*Exercise aim*:
Starting at the first line of the listing below and ending at the line with "Ambesonne Modern Upholstered", copy each line exactly.

*Data under study*:
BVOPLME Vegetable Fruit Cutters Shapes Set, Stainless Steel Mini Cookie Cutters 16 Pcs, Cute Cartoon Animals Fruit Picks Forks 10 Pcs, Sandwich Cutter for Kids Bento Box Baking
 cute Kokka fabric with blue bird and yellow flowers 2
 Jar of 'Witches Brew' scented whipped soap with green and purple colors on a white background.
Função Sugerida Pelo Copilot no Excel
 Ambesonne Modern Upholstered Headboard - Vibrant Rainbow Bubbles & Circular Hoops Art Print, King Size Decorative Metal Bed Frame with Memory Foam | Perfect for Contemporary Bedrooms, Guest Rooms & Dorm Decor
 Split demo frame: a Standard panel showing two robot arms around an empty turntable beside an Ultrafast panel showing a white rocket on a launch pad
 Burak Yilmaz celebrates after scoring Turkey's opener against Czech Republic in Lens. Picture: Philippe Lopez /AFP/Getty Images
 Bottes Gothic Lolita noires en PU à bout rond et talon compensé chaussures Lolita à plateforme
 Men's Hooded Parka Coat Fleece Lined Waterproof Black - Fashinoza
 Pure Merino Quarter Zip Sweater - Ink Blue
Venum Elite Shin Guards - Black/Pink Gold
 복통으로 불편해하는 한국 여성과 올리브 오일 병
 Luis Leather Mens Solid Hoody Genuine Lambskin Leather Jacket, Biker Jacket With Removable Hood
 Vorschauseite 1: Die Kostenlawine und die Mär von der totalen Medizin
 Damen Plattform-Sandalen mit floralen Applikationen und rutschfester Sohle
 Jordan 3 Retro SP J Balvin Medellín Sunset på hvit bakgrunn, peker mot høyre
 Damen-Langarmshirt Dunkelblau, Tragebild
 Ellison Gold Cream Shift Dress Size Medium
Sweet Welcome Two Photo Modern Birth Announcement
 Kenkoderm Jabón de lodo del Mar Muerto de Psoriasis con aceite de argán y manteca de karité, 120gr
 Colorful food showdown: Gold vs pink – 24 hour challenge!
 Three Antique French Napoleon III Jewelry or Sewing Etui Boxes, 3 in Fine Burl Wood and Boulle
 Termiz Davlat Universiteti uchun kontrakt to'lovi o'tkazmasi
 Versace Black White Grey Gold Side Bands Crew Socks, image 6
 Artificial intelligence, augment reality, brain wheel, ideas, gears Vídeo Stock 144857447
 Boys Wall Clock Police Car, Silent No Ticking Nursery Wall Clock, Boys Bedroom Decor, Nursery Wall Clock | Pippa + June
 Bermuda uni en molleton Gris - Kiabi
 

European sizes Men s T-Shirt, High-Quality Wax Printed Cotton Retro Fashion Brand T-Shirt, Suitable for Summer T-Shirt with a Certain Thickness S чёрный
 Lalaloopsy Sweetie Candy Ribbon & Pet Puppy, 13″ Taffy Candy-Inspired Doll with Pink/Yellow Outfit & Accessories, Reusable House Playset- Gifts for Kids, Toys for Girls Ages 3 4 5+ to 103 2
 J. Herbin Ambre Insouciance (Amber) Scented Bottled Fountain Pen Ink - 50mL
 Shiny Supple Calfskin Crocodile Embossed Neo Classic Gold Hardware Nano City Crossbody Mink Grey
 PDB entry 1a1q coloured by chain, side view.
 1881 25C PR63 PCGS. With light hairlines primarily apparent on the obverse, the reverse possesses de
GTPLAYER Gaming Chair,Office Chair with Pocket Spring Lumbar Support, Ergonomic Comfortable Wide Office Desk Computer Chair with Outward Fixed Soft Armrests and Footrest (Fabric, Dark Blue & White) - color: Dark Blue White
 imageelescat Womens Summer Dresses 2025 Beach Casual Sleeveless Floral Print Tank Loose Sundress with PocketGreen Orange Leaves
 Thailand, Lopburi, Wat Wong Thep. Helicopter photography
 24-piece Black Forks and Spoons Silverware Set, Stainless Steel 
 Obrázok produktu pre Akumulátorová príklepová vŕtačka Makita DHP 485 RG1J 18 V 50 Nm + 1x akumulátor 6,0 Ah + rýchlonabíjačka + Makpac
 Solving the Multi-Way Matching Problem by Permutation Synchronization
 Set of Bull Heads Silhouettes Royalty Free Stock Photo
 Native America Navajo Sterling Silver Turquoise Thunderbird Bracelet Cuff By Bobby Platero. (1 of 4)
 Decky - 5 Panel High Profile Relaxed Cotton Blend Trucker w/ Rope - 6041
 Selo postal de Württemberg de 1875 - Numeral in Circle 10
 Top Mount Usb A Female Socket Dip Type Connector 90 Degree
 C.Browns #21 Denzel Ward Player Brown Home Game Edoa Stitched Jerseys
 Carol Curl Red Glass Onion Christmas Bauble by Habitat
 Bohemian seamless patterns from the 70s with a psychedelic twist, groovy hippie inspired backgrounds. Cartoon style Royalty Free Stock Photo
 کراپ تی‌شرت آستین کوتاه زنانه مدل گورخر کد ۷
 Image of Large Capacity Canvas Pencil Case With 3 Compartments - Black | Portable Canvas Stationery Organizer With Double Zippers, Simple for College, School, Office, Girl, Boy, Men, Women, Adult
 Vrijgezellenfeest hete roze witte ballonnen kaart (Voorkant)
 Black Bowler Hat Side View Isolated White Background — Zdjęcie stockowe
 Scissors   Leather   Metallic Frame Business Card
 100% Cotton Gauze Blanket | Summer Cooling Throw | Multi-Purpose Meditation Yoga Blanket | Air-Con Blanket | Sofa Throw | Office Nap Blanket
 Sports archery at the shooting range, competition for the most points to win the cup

*Exercise response*:
BVOPLME Vegetable Fruit Cutters Shapes Set, Stainless Steel Mini Cookie Cutters 16 Pcs, Cute Cartoon Animals Fruit Picks Forks 10 Pcs, Sandwich Cutter for Kids Bento Box Baking
 cute Kokka fabric with blue bird and yellow flowers 2
 Jar of 'Witches Brew' scented whipped soap with green and purple colors on a white background.
Função Sugerida Pelo Copilot no Excel
 Ambesonne Modern Upholstered Headboard - Vibrant Rainbow Bubbles & Circular Hoops Art Print, King Size Decorative Metal Bed Frame with Memory Foam | Perfect for Contemporary Bedrooms, Guest Rooms & Dorm Decor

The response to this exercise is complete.